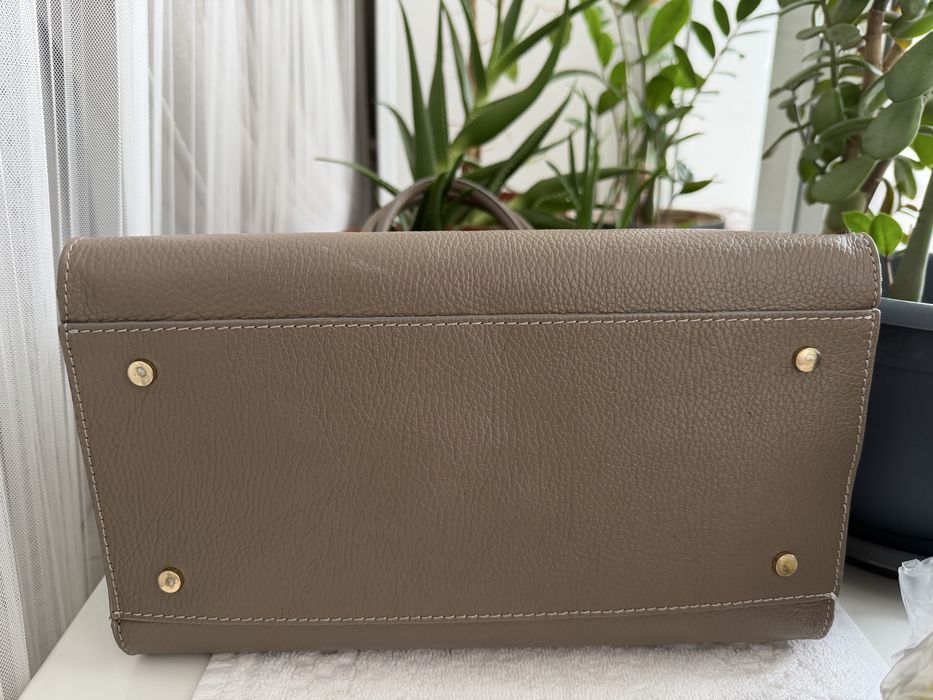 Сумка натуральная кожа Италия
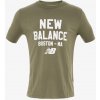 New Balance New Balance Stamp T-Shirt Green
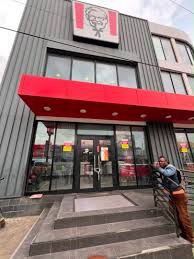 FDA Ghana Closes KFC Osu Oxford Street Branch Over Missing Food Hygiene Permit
· · ·
The problem -
Pictures stay out of the answer; the rest of the listing above is returned exactly.

Final answer -
 Сумка натуральная кожа Италия
 New Balance New Balance Stamp T-Shirt Green
 FDA Ghana Closes KFC Osu Oxford Street Branch Over Missing Food Hygiene Permit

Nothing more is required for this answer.